I think that depends entirely on the slave device and its' protocol.
There are gadgets that accept a write command and address as a single
transaction. They then send/receive data sequentially from/to that
address and onward as bytes/words for each subsequent transfer. The
data transfer can be as small as one byte (bracketed by SSEL) or an
entire sector (or larger, I presume) bracketed by another SSEL. In
I2C, the master NAKs the last received byte but there is no such
facility in SPI. So, to tell the slave it is finally finished, the
master raises SSEL.

Given a choice between I2C and SPI, I go for SPI every time. It is a
lot easier to get working and triggering a logic analyzer on SSEL is a
lot easier than decoding the I2C start condition.
Both are fairly easy to get working. I have 3 I2C and 3 SPI
peripherals on our new products. The Beagle analyzer has been a great
tool for analyzing SPI and I2C bus traffic and getting the code
working. And, it's only about $200.

However, my SD card (SPI) is giving me some trouble since each
different card I use gives different CSD values that don't correspond
with valid values in the SD manual.

Sutton

--- In l..., "rtstofer" wrote:
>
> --- In l..., "Sutton Mehaffey" wrote:
> >
> > Doesn't your SSEL pin have to be low for the entire command sequence
> > and not for each byte? The SSEL is the framing for the entire command
> > sequence (falling edge or rising edge).
>
> I think that depends entirely on the slave device and its' protocol.
> There are gadgets that accept a write command and address as a single
> transaction. They then send/receive data sequentially from/to that
> address and onward as bytes/words for each subsequent transfer. The
> data transfer can be as small as one byte (bracketed by SSEL) or an
> entire sector (or larger, I presume) bracketed by another SSEL. In
> I2C, the master NAKs the last received byte but there is no such
> facility in SPI. So, to tell the slave it is finally finished, the
> master raises SSEL.
>
> Given a choice between I2C and SPI, I go for SPI every time. It is a
> lot easier to get working and triggering a logic analyzer on SSEL is a
> lot easier than decoding the I2C start condition.
>
dont forget that I have a master AND a slave ;-)

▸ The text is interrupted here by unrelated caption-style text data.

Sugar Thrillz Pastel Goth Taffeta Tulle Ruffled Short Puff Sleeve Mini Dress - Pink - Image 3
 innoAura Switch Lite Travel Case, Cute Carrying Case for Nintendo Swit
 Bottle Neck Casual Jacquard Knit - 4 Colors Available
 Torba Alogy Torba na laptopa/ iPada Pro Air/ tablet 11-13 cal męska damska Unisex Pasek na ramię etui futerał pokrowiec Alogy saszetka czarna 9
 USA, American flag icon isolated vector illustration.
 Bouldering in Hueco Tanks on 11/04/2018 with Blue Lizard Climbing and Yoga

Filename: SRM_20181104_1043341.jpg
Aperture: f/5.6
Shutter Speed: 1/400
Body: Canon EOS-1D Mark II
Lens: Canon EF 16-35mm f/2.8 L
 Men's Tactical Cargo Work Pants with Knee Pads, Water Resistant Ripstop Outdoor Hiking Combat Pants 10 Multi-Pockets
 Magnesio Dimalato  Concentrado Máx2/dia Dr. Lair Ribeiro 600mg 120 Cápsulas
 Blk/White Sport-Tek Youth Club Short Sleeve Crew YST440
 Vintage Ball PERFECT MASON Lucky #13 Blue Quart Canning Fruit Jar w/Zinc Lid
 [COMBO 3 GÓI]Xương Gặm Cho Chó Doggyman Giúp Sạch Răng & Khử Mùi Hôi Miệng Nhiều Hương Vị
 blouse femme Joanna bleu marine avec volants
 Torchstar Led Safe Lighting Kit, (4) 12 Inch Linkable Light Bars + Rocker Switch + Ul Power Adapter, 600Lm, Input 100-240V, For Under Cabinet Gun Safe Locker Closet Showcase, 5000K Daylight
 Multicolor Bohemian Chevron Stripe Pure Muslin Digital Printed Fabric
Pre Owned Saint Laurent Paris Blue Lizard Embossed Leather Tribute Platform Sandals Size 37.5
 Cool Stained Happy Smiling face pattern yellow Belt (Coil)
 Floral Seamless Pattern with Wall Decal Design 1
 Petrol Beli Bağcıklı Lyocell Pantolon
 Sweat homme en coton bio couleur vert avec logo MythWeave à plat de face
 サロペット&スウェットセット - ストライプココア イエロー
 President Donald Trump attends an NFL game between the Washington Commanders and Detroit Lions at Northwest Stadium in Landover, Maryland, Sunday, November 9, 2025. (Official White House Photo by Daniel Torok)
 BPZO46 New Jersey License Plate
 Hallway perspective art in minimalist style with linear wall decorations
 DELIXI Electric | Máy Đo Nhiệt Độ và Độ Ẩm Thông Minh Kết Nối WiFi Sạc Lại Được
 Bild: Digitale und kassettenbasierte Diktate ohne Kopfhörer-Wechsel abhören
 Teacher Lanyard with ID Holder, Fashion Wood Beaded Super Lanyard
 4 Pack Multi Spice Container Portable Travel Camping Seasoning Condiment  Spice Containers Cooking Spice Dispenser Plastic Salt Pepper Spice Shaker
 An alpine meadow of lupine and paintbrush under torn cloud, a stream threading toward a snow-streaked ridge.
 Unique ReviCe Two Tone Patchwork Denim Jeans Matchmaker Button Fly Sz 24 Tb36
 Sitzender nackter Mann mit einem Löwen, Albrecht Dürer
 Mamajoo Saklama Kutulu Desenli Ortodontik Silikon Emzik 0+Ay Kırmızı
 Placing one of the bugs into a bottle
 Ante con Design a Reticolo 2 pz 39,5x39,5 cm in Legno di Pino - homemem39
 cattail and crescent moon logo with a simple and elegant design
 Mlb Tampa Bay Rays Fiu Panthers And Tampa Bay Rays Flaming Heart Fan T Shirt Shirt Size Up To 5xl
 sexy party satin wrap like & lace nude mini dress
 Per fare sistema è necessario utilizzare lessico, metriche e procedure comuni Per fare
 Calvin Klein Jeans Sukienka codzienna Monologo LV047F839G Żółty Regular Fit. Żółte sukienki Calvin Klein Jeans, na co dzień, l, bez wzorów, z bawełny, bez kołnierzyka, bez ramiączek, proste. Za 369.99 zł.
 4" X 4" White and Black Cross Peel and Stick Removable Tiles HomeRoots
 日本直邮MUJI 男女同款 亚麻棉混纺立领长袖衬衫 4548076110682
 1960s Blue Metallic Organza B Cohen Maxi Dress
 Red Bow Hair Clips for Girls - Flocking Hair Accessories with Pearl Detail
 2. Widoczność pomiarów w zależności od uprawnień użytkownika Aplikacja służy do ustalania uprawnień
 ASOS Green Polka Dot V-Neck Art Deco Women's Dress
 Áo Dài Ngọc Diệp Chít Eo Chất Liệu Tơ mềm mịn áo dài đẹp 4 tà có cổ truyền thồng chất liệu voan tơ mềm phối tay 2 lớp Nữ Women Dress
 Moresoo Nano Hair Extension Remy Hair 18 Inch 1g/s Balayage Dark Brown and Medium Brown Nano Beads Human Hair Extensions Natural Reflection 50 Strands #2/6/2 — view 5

so my master sets the SSEL (zero before the transmission of 1 byte, one
when the SPIF is set indicating the transmission is over). the slave
obviously doesnt touch the SSEL (the slave LPC has got that specific
pin configured as SSEL function. only the master has it configured as
GPIO output).

I've done some more testing now and my slave ISR is still behaving odd
(ie. the breakpoint doesn't stop) but when I do enter the ISR I still
get a "slave abort" and/or "read overrun" ... :-/
d.holzwarth Wrote
>dont forget that I have a master AND a slave ;-)

I haven't

>
>so my master sets the SSEL (zero before the transmission of 1 byte, one

The master should never set its SSEL (not ever), it should be pulled up
externally.

>when the SPIF is set indicating the transmission is over). the slave
>obviously doesnt touch the SSEL (the slave LPC has got that specific
>pin configured as SSEL function. only the master has it configured as
>GPIO output).

I don't know if that works on any LPC's, I know it doesn't on many. For
SPI, SSEL must be set as SSEL and it must be pulled high on the master.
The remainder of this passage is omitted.